Has the worm turned for the Big Three?
Well, that would be premature, to say the least, but one well-known investment bank sees somewhat smoother sailing on the horizon for U.S. automakers. Deutsche Bank Friday upgraded its investment rating on both General Motors and Ford, saying it saw a potential “game changer” for the industry: an agreement on healthcare-cost burdens.
Deutsche Bank analyst Rod Lache notes that GM’s healthcare cost burden is about $1,300 per vehicle made in North America (it’s about $1,000 for Ford), and he said the company spent $6 billion on healthcare for its employees ($1.8 billion) and retirees ($4.2 billion), which could balloon to $7.4 billion by 2011.
But, the analyst now believes that the United Auto Workers union actually proposed a deal to GM that would have essentially gotten the company out of the retiree healthcare insurance business, much in the way the United Steelworkers did with Goodyear.
“Unfortunately, GM did not pursue this at the time,” Lache said in a research note, upgrading to “buy” from “hold” both GM and Ford. “We nonetheless believe the fact that the UAW was open to this concept speaks volumes,” and he expects at least one U.S. automaker to pursue that kind of solution.
In doing so, the companies would find it easier to re-size their business for the future, as they wouldn’t have the albatross of a skyrocketing fixed cost to constantly worry about.
Lache also noted that auto manufacturing is an extremely capital-intensive endeavor, and any increased flexibility should make it easier for the car makers to obtain the funding needed to remain competitive.
But Deutsche Bank’s call on GM and Ford is about more than their healthcare costs. Lache says that, after 10 years of deflationary pricing, he expects the North American market to enjoy a period of increased discipline, with the supply/demand equation stabilizing over the next couple of years.

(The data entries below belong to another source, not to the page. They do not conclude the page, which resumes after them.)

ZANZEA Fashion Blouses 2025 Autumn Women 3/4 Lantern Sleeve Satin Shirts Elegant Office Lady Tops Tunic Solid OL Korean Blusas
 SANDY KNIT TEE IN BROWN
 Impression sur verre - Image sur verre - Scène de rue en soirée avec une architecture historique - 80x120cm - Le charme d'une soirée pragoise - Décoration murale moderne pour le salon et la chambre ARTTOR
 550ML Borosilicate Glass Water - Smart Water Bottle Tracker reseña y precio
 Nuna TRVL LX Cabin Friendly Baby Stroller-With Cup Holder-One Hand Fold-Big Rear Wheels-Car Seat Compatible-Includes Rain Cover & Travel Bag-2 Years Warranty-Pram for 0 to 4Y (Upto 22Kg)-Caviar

“We project a modest recovery for U.S. demand in 2008 (16.7 million units versus 16.3 million in 2007),” Lache said. “More importantly, we believe that the 1.9 million unit capacity reduction being implemented by the U.S. Big Three will more than offset incremental capacity additions.”
Meanwhile, Lache says Ford has the best opportunity among global automakers to cut costs and, with industry consolidation increasingly likely, Ford could be a major player.
Of course, there is no guarantee that the UAW and the automakers will reach a deal this year, which could prove to be a knockout blow to Lache’s theory. Indeed, he points to a stunning fact that shows just how important it is for the automakers to get something done on the healthcare front: every 1 percent increase in healthcare inflation adds $8 billion to GM’s post-employment benefits liability.
Even should the healthcare issue get resolved favorably, there's no getting around the fact that, over the last decade, the Big Three have lost almost 19 points of market share in the U.S - from 73.8 percent in 1996 to about 55 percent today.
"We are particularly concerned about Ford’s near-term market share prospects, given our belief that Ford’s product pipeline is weaker than competitors’," Lache said. "For 2007 we have assumed that GM’s U.S. market share declines by 40 basis points and that Ford’s share declines by 90 basis points."
So, even if the healthcare burden is eased dramatically, Detroit still needs to start making cars that folks want to buy.
Lache’s call comes at an interesting time; it was learned this week that industry-darling Toyota is more than a little worried about its manufacturing costs in the U.S., looking to knock one-third off what is expected to be a $900 million increase in U.S. manufacturing compensation by 2011.
The battle for the Big Three is far from over – in many ways it’s just begun – but after years of stalemate, it seems safe to say that unions appear more willing than ever to listen to creative solutions. Maybe there is just enough goodwill on both sides to get the ongoing crisis resolved.
The alternative works out well for no one.